Ankei’s eyes saddened profoundly and he stood slowly, straightening his clothing. He hesitated a moment longer, “You know where my room is… I’ll always be there when you need me.” The blond smiled half-heartedly to the man that couldn’t quite understand and left.
/I’ll always be there when you need me./ Yami repeated slowly, questioningly in his mind. Yami laughed quietly, somehow doubting this. He pressed his fingers harder against his eyes to try and stifle the painful tears.
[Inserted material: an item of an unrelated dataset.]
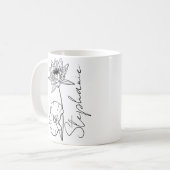 Elegante scriptnaam Lotus Juli Geboortemaand Bloem Koffiemok (Voorkant links)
Rain beat furiously at the window just to his right and the sound was making him think of a violently beating heart. Almost a mockery… If only Ankei knew.
/I have always needed you./
[Ramirez]
A/N: I started to write this when I was feeling really crappy. At first I was going to make Shrain come and comfort him but for some reason I decided on Ankei since it made more sense to me. I ended up stopping after having too many painful memories associated with Ankei's name and real life... but decided to end it in a way that both myself and Yami could relate to. I'm not very happy with how it went and kind of pissed at myself for letting real life-emotions get in the way of writing it how I wanted, but I'm getting over it.
I sorta figured this would be around the same time that Yami was realizing he was falling for Ankei. Being brothers he hated himself for that and didn't want to ruin Ankei's life so he starts doing little things to push them farther and farther apart. It eventually works. Painfully well.